His paternal grandparents were Johann, 1st Prince of Khevenhüller-Metsch, and Countess Karolina Maria Augustina von Metsch. His father was a diplomat during the early reign of Empress Maria Theresa, serving as the Habsburg Ambassador to Denmark, Saxony, and as the Bohemian Ambassador to the Perpetual Diet of Regensburg. His maternal grandparents were Prince Emanuel of Liechtenstein and Countess Maria Anna Antonia von Dietrichstein-Weichselstädt.

==Career==
Upon the death of his brother in 1823, he became the 4th Prince of Khevenhüller-Metsch and was a member of the Austrian House of Lords.

==Personal life==
Franz was married, and widowed, three times. On 6 July 1791 in Vienna, he married Countess Maria Elisabeth von Kuefstein (1771–1796), a daughter of Count Johann Adam von Kuefstein.
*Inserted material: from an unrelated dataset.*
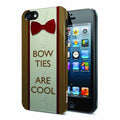 Doctor Who Bow Ties Are Cool iPhone 5 Case --0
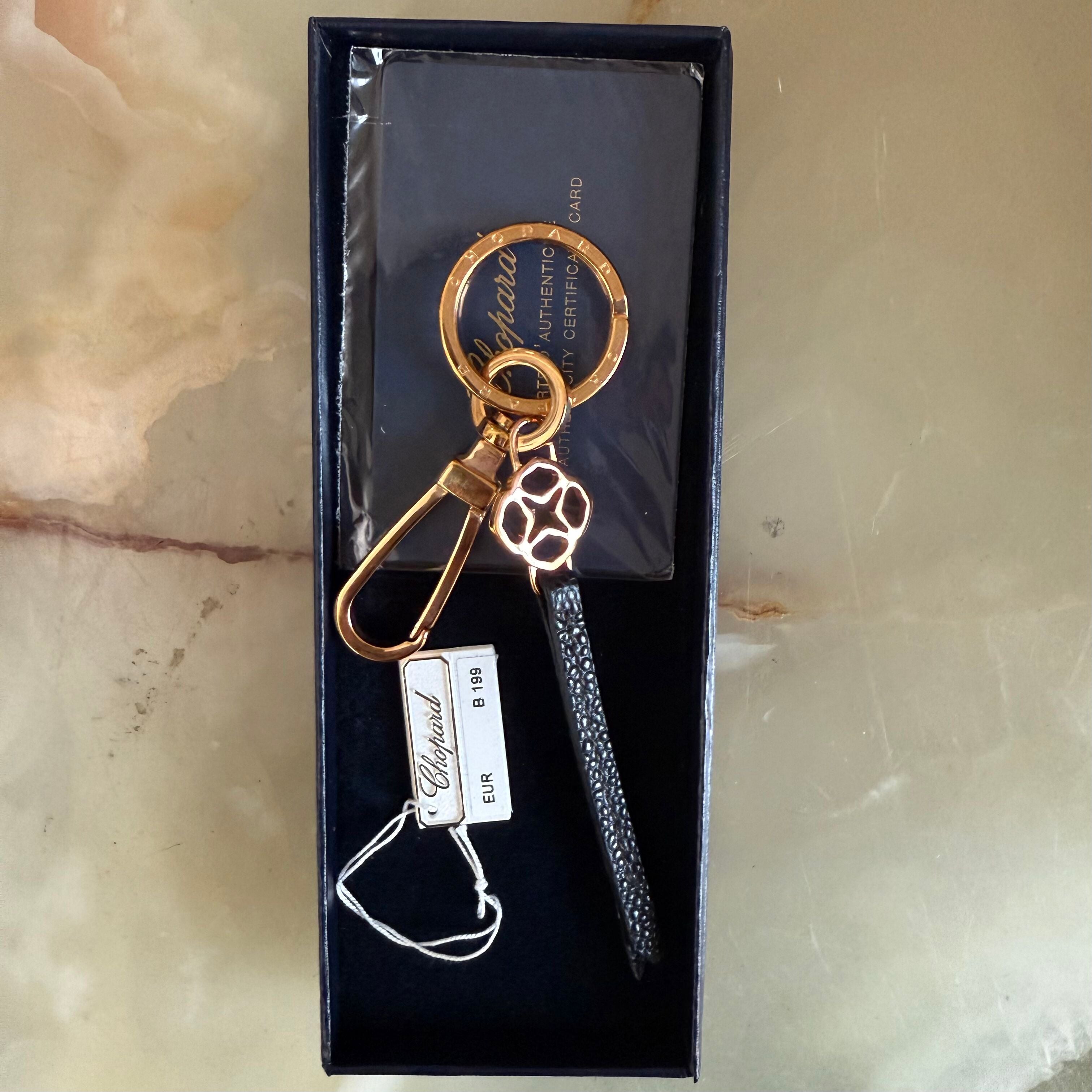 Chopard Imperiale Keychain Key/Bag Charm 95016-0071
Before her death at Sankt Pölten on 8 April 1796, they were the parents of:

- Count Johann Siegmund Friedrich von Khevenhüller-Metsch (1793–1794), who died in infancy.
- Count Johann Friedrich Maria Richard von Khevenhüller-Metsch (1794–1795), who died in infancy.

He remarried at Sankt Pölten on 16 April 1798 to Countess Maria Josepha von Abensberg and Traun (1782–1799), a daughter of Johann Otto, 8th Count of Abensberg and Traun. She died on 6 March 1799, the day after she gave birth to their only child:

- Countess Maria Anna Kunigunde von Khevenhüller-Metsch (1799–1801), who died in infancy.

On 15 June 1812, he married, thirdly, to his niece, Countess Krisztina "Christina" Zichy de Zich et Vásonkeő (1792–1830), a daughter of Count Károly Zichy, the Lord Chief Justice of the Kingdom of Hungary, and, his elder sister, Countess Anna Maria Khevenhüller-Metsch. Before her death on 20 July 1830 at Penzing, they were the parents of:

- Richard Maria Johannes Basilius, 5th Prince of Khevenhüller-Metsch (1813–1877), who married his first cousin, Countess Antonia Maria Lichnowsky, a daughter of Prince Eduárd Lichnowsky (a son of Karl Alois, Prince Lichnowsky) and Countess Eleonora Zichy de Zich et Vásonkeö, in 1836.
- Count Othmar von Khevenhüller-Metsch (1819–1890), who married Baroness Leontine Kress von Kressenstein, a daughter of Baron Karl Kress von Kressenstein and Countess Leopoldine Zichy de Zich et Vásonkeö, at Vienna in 1850.
- Countess Hedwig Maria von Khevenhüller-Metsch (1823–1876), who married Count Hermann Locatelli in 1856.

The Prince died at Frohnsburg, Lower Austria, on 3 July 1837. He was succeeded by his eldest surviving son, Richard.